The answer must be the full listing, repeated exactly.

*Data section:*

------------------------------------------------------------

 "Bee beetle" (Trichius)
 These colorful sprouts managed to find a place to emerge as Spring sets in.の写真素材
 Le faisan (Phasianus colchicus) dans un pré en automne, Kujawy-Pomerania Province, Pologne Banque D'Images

------------------------------------------------------------

*Solved problem:*
 "Bee beetle" (Trichius)
 These colorful sprouts managed to find a place to emerge as Spring sets in.の写真素材
 Le faisan (Phasianus colchicus) dans un pré en automne, Kujawy-Pomerania Province, Pologne Banque D'Images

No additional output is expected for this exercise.